Years ago a colleague shared with me his disdain for the "abbreviated" form Xmas for the word Christmas. He doesn't appreciate a spelling that takes "Christ" out of the word. This same concern has become Bill O'Reilly's yearly rant-motive, adopted and amplified by headlines and television reports. The latest focus is on a poll created by Zogby's that claims that people are more offended by the phrase "Happy Holidays" than by the phrase "Merry Christmas." Geoff Nunberg at Language Log posted a nice analysis of the poll to show how its wording and organization has likely contributed to a desired outcome.
Here's my précis of the post: The poll supplies more answers that acknowledge even a slight offense than no offense at all at the phrase "Happy Holidays". The poll loads the questions by implying or claiming a motive for those who use the phrase "Happy Holidays".
Maybe we should start calling them the "H-words". "Holiday" has religious meaning anyway. So there should be no such thing as a government holiday. That's establishmentarian.
Let's take these proto-rhetorical techniques to the extremes to show how they might affect the numbers. Here's a one question poll meant to show how people feel about Merry Christmas -vs- Happy Hol...I mean the H-words.
Q: Which of these statements best describes your opinion?
This poll offers answers that support both "Merry Christmas" and "Happy Holidays".
My guess is that answers that show tolerance for "Merry Christmas" are more likely to be chosen. I would then have to release the findings of my poll with the summary saying "More respondents answered that the phrase Merry Christmas is not at all offensive to them or that Happy Holidays is at least somewhat annoying."
Language history bit:
Typical English vowel changes have led to the pronunciation [howlɪ] from OE hálig. Our pronunciation of holiday has not observed the usual [a:]>[o] change. It has preserved the vowel quality just as northern ME dialects did. This is not likely an effect of a preserved northern pronunciation. In the combined form the vowel retained its pronunciation [halɪdej] even in non-northern ME dialects. There might be several reasons for this--among them is the distinction between holy day with religious denotation and holiday without it. But that's research that I'll have to do later. Right now I'm on holi-... vacation.

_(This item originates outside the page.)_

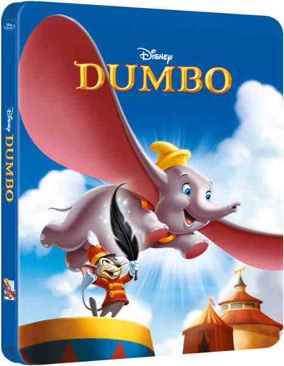 Dumbo Blu-ray movie collectible [Barcode 8717418243630] - Main Image 1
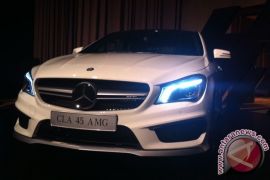45 tahun Mercedes-Benz di Indonesia dengan CLA 45 AMG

Oh yes. Regarding my friend who believes Xmas takes Christ out of Christmas: he's only right as far as the orthography. As I understand his complaint he means that it secularises the day for the sake of a quicker spelling. But the X is probably symbolic of the cross. So the 'X' spelling could serve the pious Christian as a reminder of the birth and significance of the life to follow. Etymology can help us all learn to see past that which at first looks evil. Can I hear an 'amen'? (Or is it 'omen'?)